I have tried some popular Python data pipeline libraries, and have found them all to be a little hard to use for custom use cases. The goal of this project is to create a pipeline library that avoids some of the common pitfalls and allows users to easily construct pipelines using custom functions and run them using a finite state machine.

Features

  • 🚀 Simple, intuitive API for creating data pipelines
  • 🔄 Built-in state management using finite state machines
  • 📦 Easy integration of custom functions
  • 💾 Multiple storage backends (SQLite included)
  • 🔍 Pipeline status tracking and monitoring
  • ⚡ Efficient execution with dependency management

Installation

pip install pipeweave

Quick Start

Here's a simple example that demonstrates how to create and run a pipeline:

pip install pipeweave

Quick Start

Here's a simple example that demonstrates how to create and run a pipeline:

from pipeweave.core import Pipeline

# Create a pipeline
pipeline = Pipeline(name="data_transformer")

# Define some processing functions
def clean_data(data):
    return [x.strip().lower() for x in data]

def filter_empty(data):
    return [x for x in data if x]

# Add steps to the pipeline
pipeline.add_step(
    name="clean_data",
    description="Clean the data",
    function=clean_data,
    inputs=["raw_data"],
    outputs=["cleaned_data"],
)

pipeline.add_step(
    name="filter_empty",
    description="Filter out empty strings",
    function=filter_empty,
    inputs=["cleaned_data"],
    outputs=["filtered_data"],
    dependencies=["clean_data"],
)

# Run the pipeline
data = [" Hello ", "World ", "", " Python "]

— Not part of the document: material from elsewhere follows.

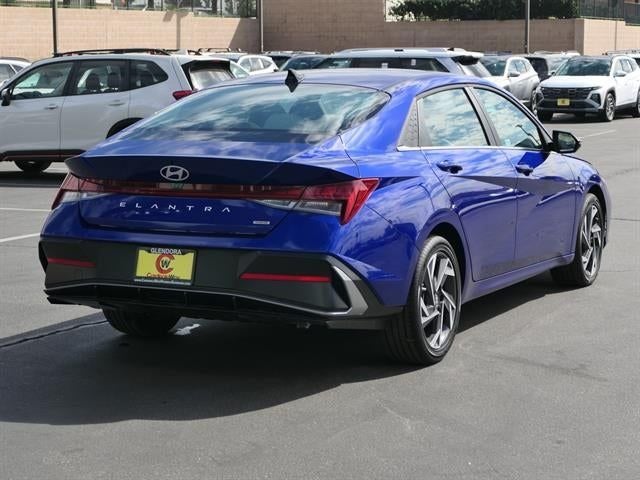2025 Hyundai ELANTRA HYBRID Limited
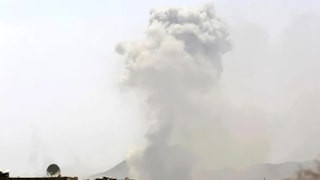 Suudi Arabistan, Yemen’e yaklaşık 40 hava saldırısı düzenledi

results = pipeline.run(data)

print(results)

Core Concepts

Steps

A Step is the basic building block of a pipeline. Each step:

  • Has a unique name
  • Contains a processing function
  • Defines its inputs and outputs
  • Can specify dependencies on other steps
  • Maintains its own state (IDLE, RUNNING, COMPLETED, ERROR)

Stages

A Stage is a collection of steps that can be executed together. Each stage:

  • Has a unique name and description
  • Contains multiple steps, which are individual processing units
  • Defines its own state (IDLE, RUNNING, COMPLETED, ERROR)
  • Can specify dependencies on other stages, ensuring that it only runs when all its dependencies have been completed

Stages allow for better organization of complex pipelines by grouping related steps together. This modular approach enhances readability and maintainability of the pipeline code.

Pipeline

A Pipeline is a collection of steps that:

  • Manages the execution order based on dependencies
  • Handles data flow between steps
  • Tracks overall execution state
  • Can be saved and loaded using storage backends

Storage Backends

Pipeweave supports different storage backends for persisting pipelines:

  • SQLite (included)
  • Custom backends can be implemented using the StorageBackend base class

Advanced Usage

Using Storage Backends

# Initialize Storage
storage = SQLiteStorage("pipelines.db")

# Save Pipeline
storage.save_pipeline(pipeline)

# Load Pipeline
pipeline = storage.load_pipeline("data_transformer")

Error Handling

from pipeweave.steps import State

try:
    results = pipeline.run(data)
except Exception as e:
    # Check state of steps
    for step in pipeline.steps.values():
        if step.state == State.ERROR:
            print(f"Step {step.name} failed: {step.error}")

Stages

from pipeweave.stage import Stage
from pipeweave.step import Step
from pipeweave.core import Pipeline

# Create a pipeline
pipeline = Pipeline(name="data_transformer")

# Define step functions
def double_number(x):
    return x * 2

def add_one(x):
    return x + 1

# Create steps
step_double = Step(name="double", description="Double the input", function=double_number, inputs=["number"], outputs=["result"])
step_add_one = Step(name="add_one", description="Add one to the input", function=add_one, inputs=["result"], outputs=["final"])

# Create a stage
stage = Stage(name="data_processing", description="Process the data", steps=[step_double, step_add_one])

# Add stage to pipeline
pipeline.add_stage(stage.name, stage.description, stage.steps)

# Run the pipeline
results = pipeline.run()

print(results)

Contributing

Contributions are welcome! This is a new project, so please feel free to open issues and suggest improvements.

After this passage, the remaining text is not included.